> _INFORMATION SHOWN_:

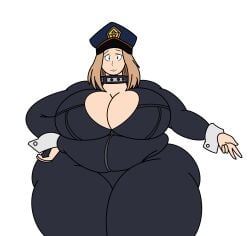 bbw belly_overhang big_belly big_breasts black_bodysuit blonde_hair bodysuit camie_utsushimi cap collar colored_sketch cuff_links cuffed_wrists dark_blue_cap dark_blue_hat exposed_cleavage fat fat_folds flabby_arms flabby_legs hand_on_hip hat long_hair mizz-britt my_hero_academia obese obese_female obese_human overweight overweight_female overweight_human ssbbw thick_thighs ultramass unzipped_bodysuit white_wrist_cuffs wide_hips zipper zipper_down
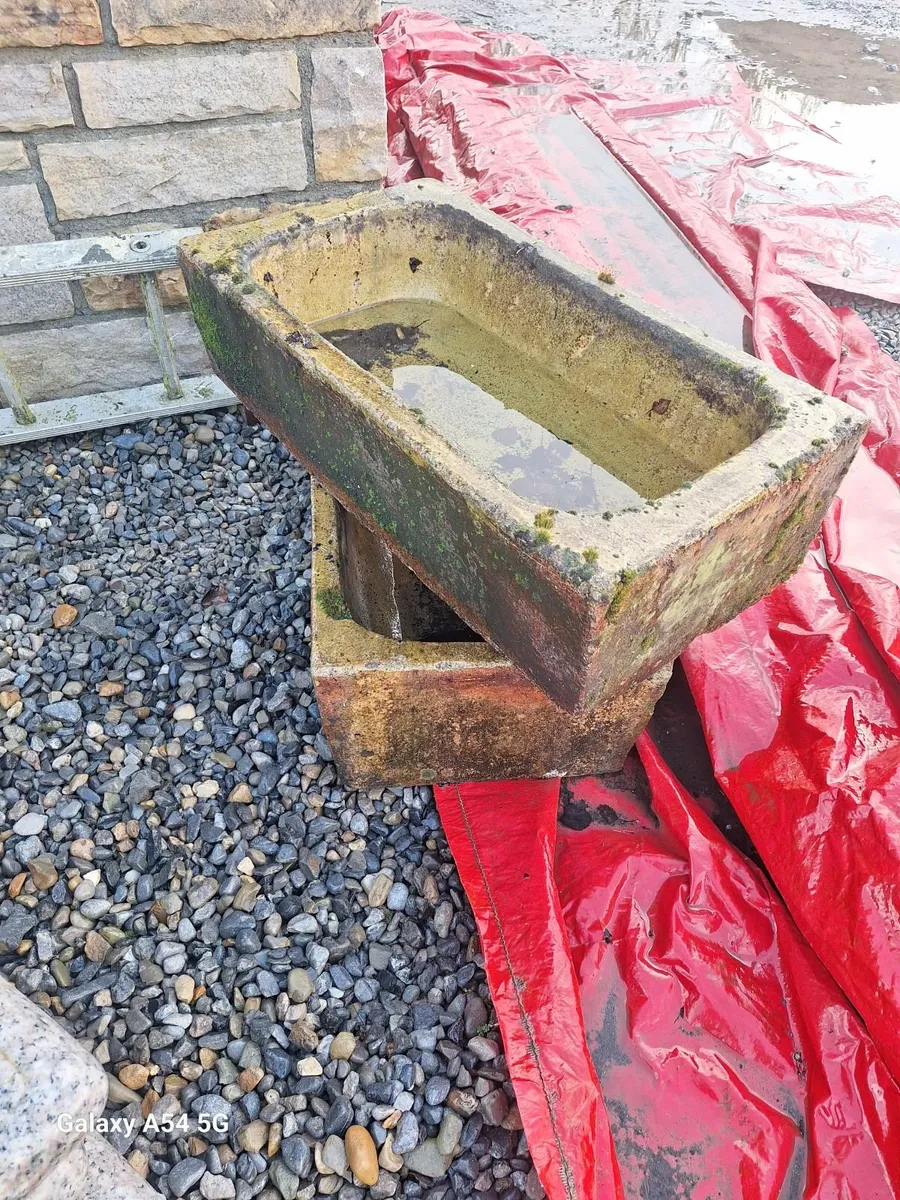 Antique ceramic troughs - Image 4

---

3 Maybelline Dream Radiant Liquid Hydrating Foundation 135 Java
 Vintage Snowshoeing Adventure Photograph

> _TASK DIRECTIONS_:
Leave the pictures out, and transcribe exactly the lines above starting at the one that contains "bbw belly_overhang big_belly" and ending at the one that contains "Antique ceramic troughs - Image 4".

> _PROBLEM SOLUTION_:
 bbw belly_overhang big_belly big_breasts black_bodysuit blonde_hair bodysuit camie_utsushimi cap collar colored_sketch cuff_links cuffed_wrists dark_blue_cap dark_blue_hat exposed_cleavage fat fat_folds flabby_arms flabby_legs hand_on_hip hat long_hair mizz-britt my_hero_academia obese obese_female obese_human overweight overweight_female overweight_human ssbbw thick_thighs ultramass unzipped_bodysuit white_wrist_cuffs wide_hips zipper zipper_down
 Antique ceramic troughs - Image 4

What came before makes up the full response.